Politicians never fail to find ways to claim victory after election defeats. After Sunday's loss in the Polish presidential elections, Tusk’s shaky government is nonetheless painting itself as defender of the countryside. The Polish People’s Party (PSL), whose Czesław Siekierski is Agriculture Minister, is telling farmers it has prevented Brussels from extending trade benefits to the farming powerhouse of Ukraine. The current duty-free regime will cease from 5 June.
"We have solved the problems with Ukraine. We stopped the uncontrolled flow of grain and restored trade rules," Siekierski announced on Wednesday 4 June.

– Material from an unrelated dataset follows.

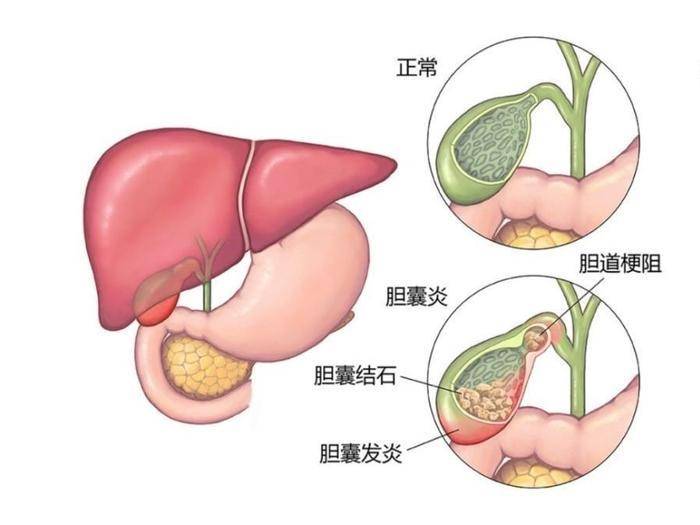 胆囊结石卡通图片图片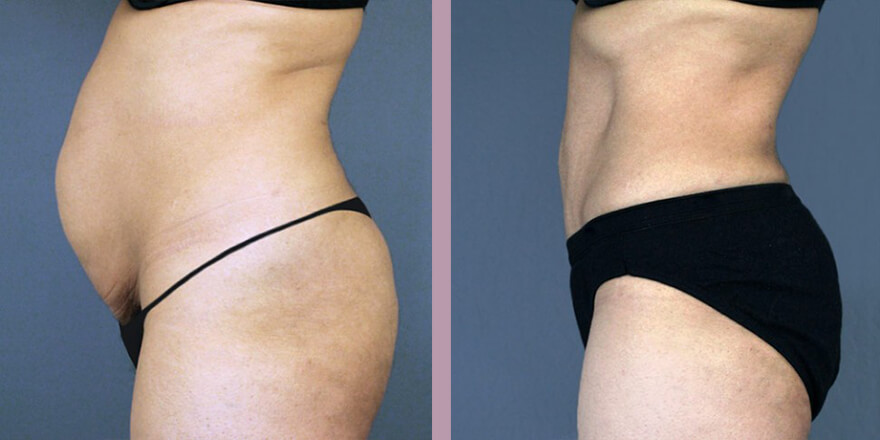 Case--3975 | Before and After Tummy Tuck 3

And while claiming to have “stopped” imports is an overstatement, PSL highlights a reality widely known in Brussels: national tensions in Poland weighed heavily on the Commission's trade negotiations with Kyiv.
On Friday, the EU and Ukraine will revert to pre-war tariff quotas on agri-food exports – a blow that will cost Kyiv billions but will largely be taken by Polish farmers as cause for celebration.
In a statement last month, PSL said the day will “go down in the history of Polish villages” and that farmers should be thankful for Poland's lobbying in the European capital.
“This is a huge success for the government. We have shown it is possible to protect the national interest without turning away from Europe” said Deputy Prime Minister Władysław Kosiniak-Kamysz (PSL).
Polish farmers’ fears of being undercut by Ukrainian products ignited rural tensions during the electoral campaign.
“We simply cannot compete with Ukrainian grain,” Polish farmer Maciej Brzozowski told me when I visited the Polish countryside in May. He complained that Ukrainian farmers are subject to far laxer pesticide rules. Marginal groups of Polish farmers are still staging protests about this.